Environmental Clues and Cognitive Scaffolding
The study also delved into how the structure of a test provides "environmental clues" that aid performance. The Raven’s test is traditionally organized in a "structured progression," starting with very easy puzzles and gradually increasing in difficulty. This sequence acts as a form of "scaffolding," helping the test-taker learn the logic of the test as they go.
The researchers experimented by scrambling the order of the puzzles, presenting easy and difficult tasks randomly. As expected, overall performance dropped. However, the performance gap between the "forced-choice" group and the "token" group widened even further in the scrambled version. This indicates that the ability to express uncertainty is an even more significant cognitive advantage when facing unpredictable or disorganized problems—the very types of problems most common in the real world.

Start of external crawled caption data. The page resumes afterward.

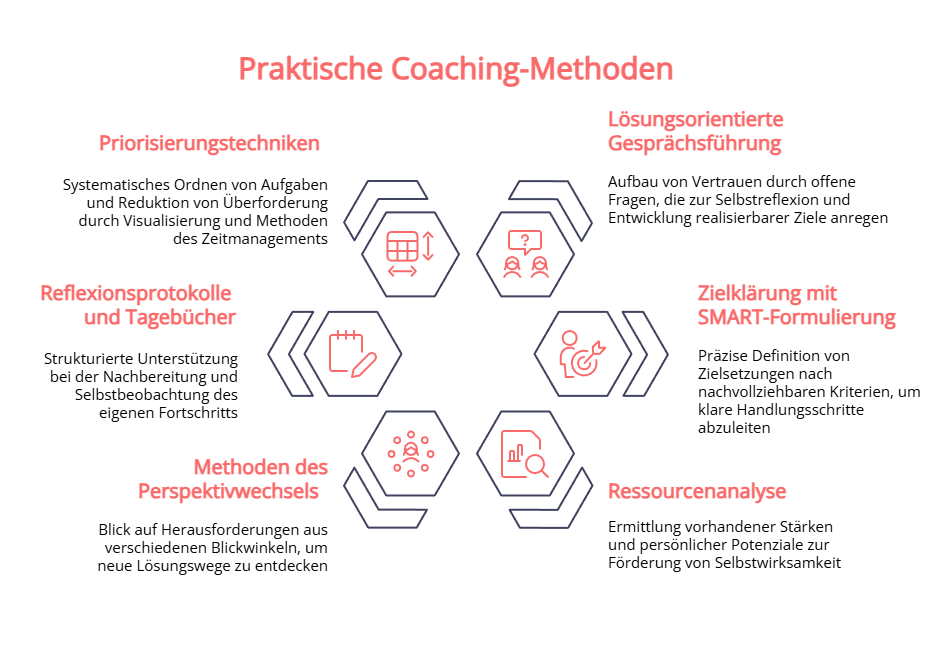 praktische-ansaetze-methoden-coaching-studenten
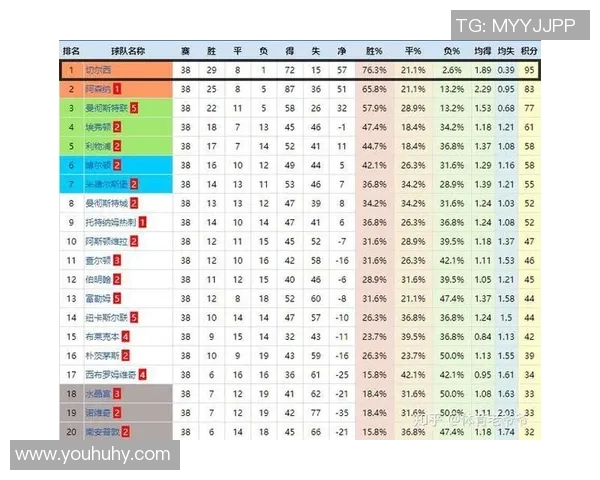 杭州羽毛球队区域防守战术解析及其在比赛中的应用探讨 杭州羽毛球队区域防守战术解析及其在比赛中的应用探讨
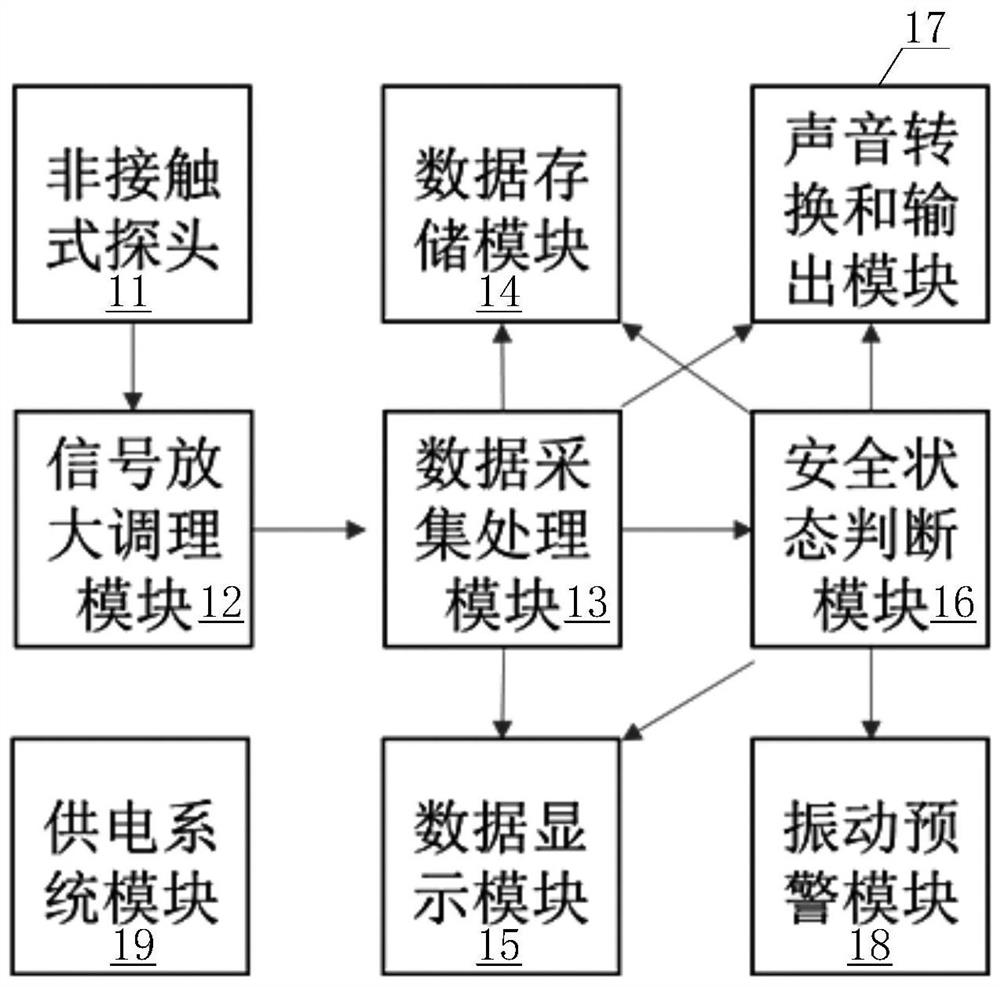 Non-contact acoustic emission detection method for safety state of fire scene building structure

Future Research and Broader Demographics
While the gender findings have garnered the most immediate attention, the researchers noted that their data suggests similar patterns in other demographic groups. Initial findings indicated that Black participants also showed a marked improvement in performance when allowed to use the token system compared to traditional formats. This raises the possibility that many "achievement gaps" currently attributed to socioeconomic or cultural factors may, in part, be artifacts of the testing format itself.

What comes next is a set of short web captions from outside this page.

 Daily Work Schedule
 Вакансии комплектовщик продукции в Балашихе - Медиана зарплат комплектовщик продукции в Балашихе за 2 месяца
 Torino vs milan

The authors cautioned that further research is needed to isolate personal motivations from financial ones. Some participants may bring "intrinsic" motivations—such as a desire to "beat the test" or a fear of appearing uncertain—that interact with the monetary rewards in ways that are difficult to quantify in a laboratory setting.
The study, "Gender, Confidence, and the Mismeasure of Intelligence, Competitiveness, and Literacy," serves as a call to action for the psychometric community. If the goal of testing is to identify the individuals best equipped to navigate a complex and uncertain world, then the tests themselves must evolve to reward the precision of belief rather than the boldness of a guess. As Harrison, Ross, and Swarthout conclude, knowing what you do not know is not a sign of weakness; it is a hallmark of intelligence.